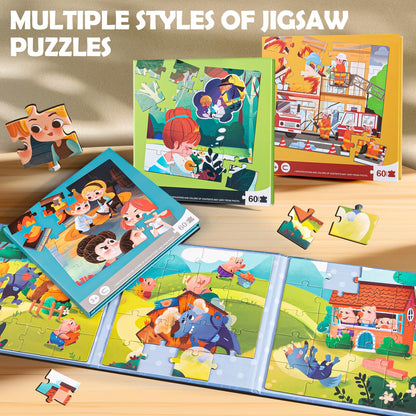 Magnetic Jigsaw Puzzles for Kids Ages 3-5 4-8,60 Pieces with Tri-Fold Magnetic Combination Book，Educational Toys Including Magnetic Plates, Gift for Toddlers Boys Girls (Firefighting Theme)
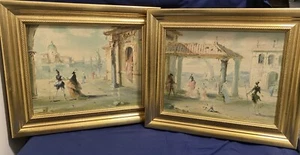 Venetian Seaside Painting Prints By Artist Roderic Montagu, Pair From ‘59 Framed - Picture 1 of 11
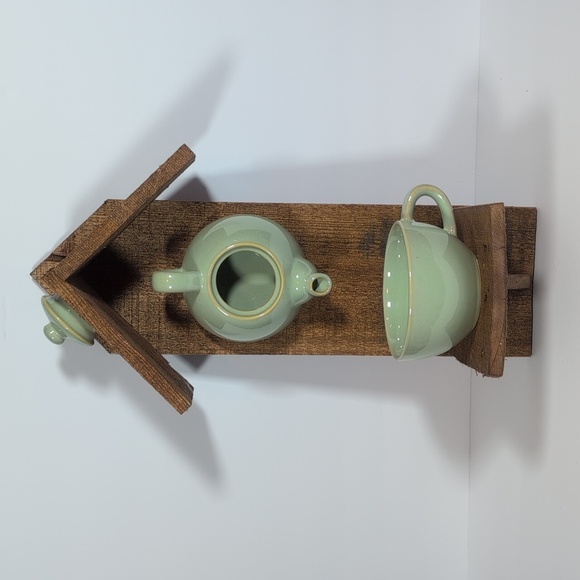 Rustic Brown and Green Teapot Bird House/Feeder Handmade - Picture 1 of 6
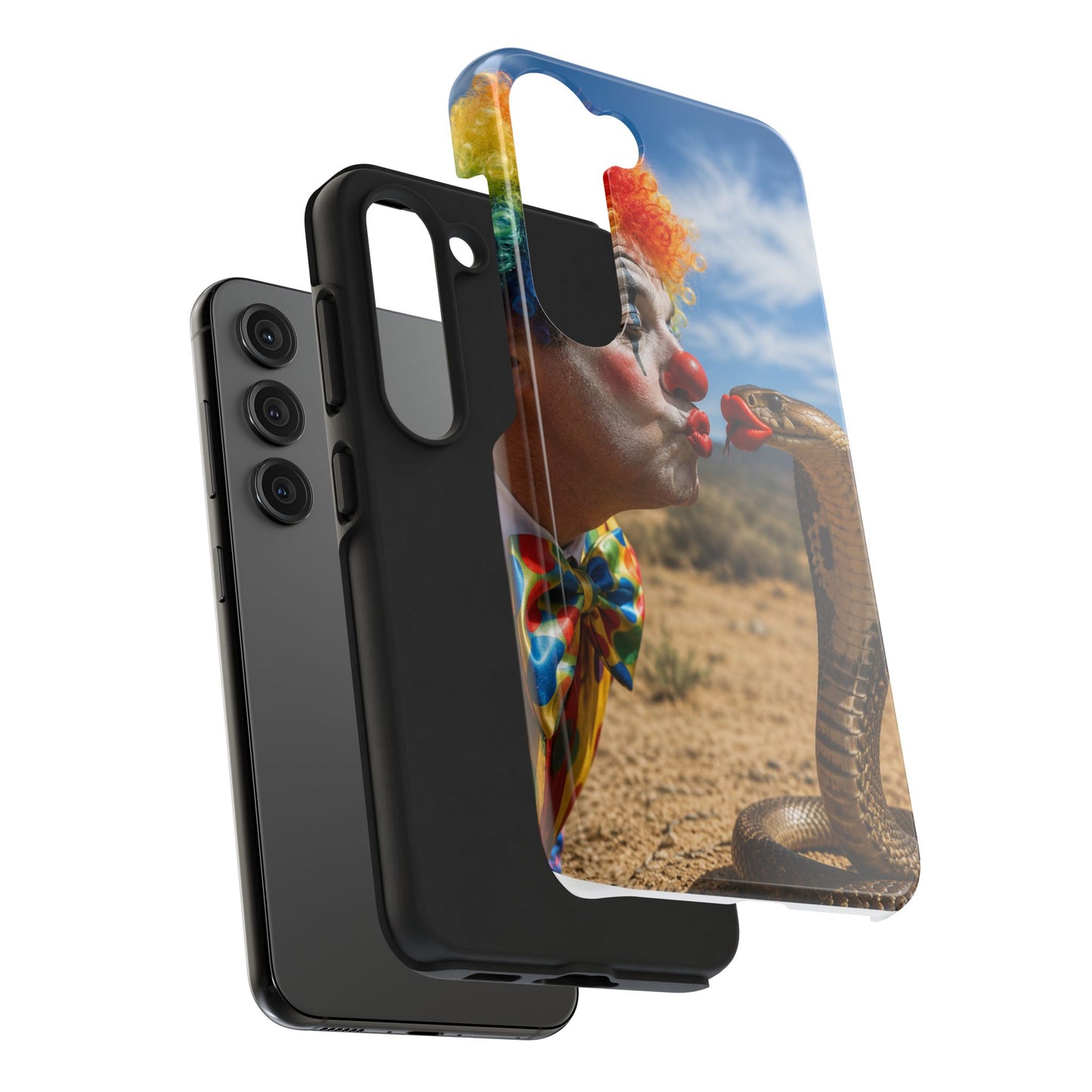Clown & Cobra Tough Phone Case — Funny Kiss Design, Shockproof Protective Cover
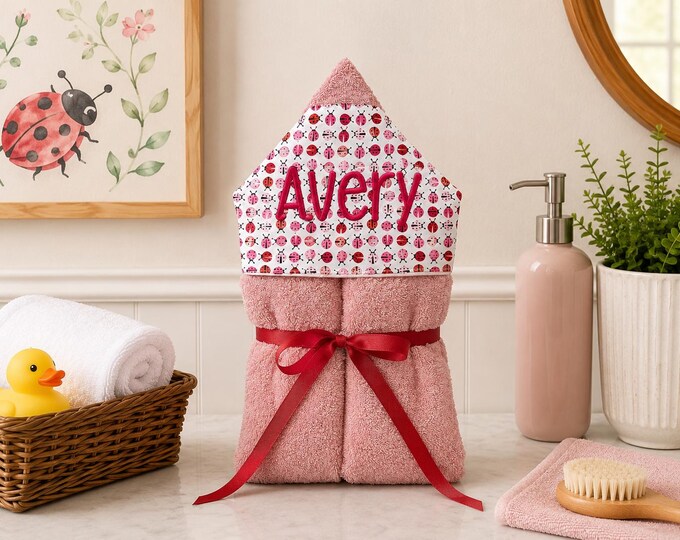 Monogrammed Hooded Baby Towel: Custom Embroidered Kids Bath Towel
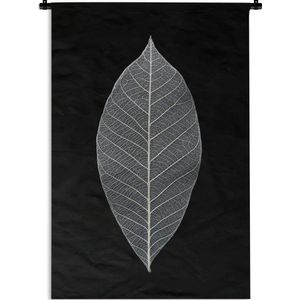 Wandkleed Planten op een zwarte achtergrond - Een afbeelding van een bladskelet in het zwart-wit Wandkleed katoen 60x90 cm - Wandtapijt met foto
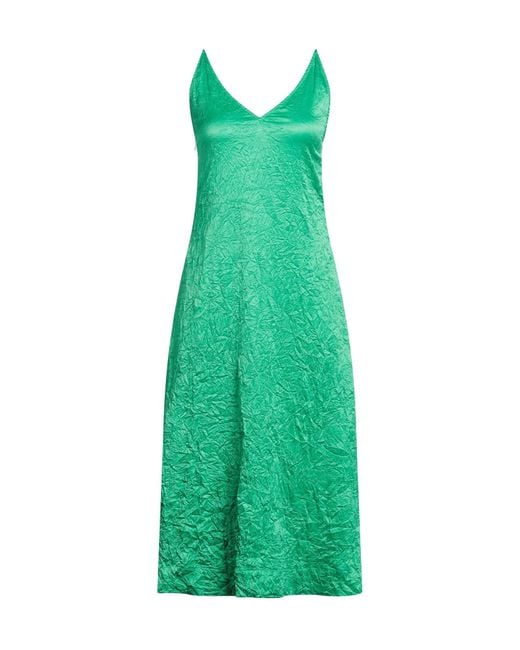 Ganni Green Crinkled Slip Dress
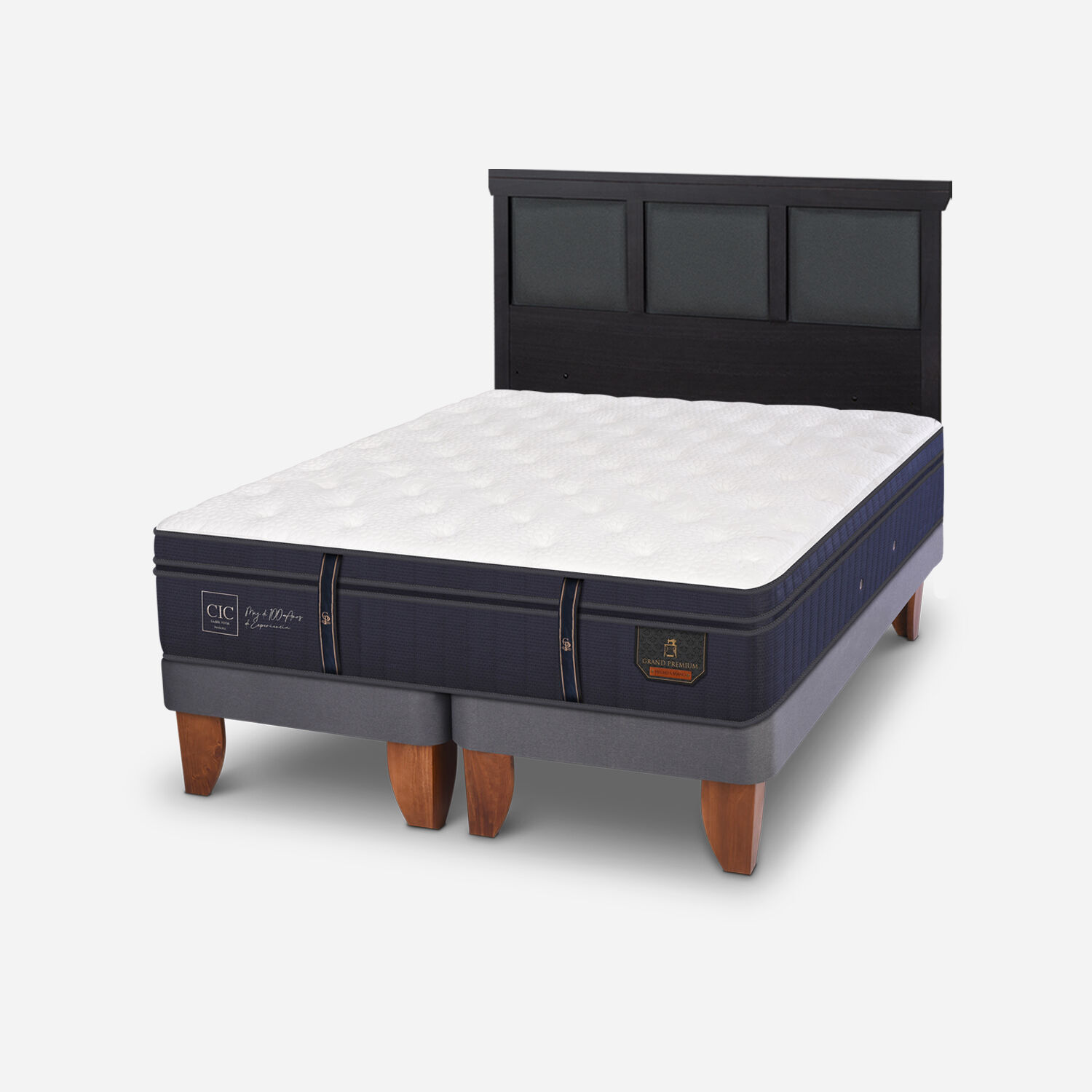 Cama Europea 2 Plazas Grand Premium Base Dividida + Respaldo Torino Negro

Task goal:
The copy you produce must repeat all the entries exactly and contain no pictures.

Reply:
 Magnetic Jigsaw Puzzles for Kids Ages 3-5 4-8,60 Pieces with Tri-Fold Magnetic Combination Book，Educational Toys Including Magnetic Plates, Gift for Toddlers Boys Girls (Firefighting Theme)
 Venetian Seaside Painting Prints By Artist Roderic Montagu, Pair From ‘59 Framed - Picture 1 of 11
 Rustic Brown and Green Teapot Bird House/Feeder Handmade - Picture 1 of 6
Clown & Cobra Tough Phone Case — Funny Kiss Design, Shockproof Protective Cover
 Monogrammed Hooded Baby Towel: Custom Embroidered Kids Bath Towel
 Wandkleed Planten op een zwarte achtergrond - Een afbeelding van een bladskelet in het zwart-wit Wandkleed katoen 60x90 cm - Wandtapijt met foto
 Ganni Green Crinkled Slip Dress
 Cama Europea 2 Plazas Grand Premium Base Dividida + Respaldo Torino Negro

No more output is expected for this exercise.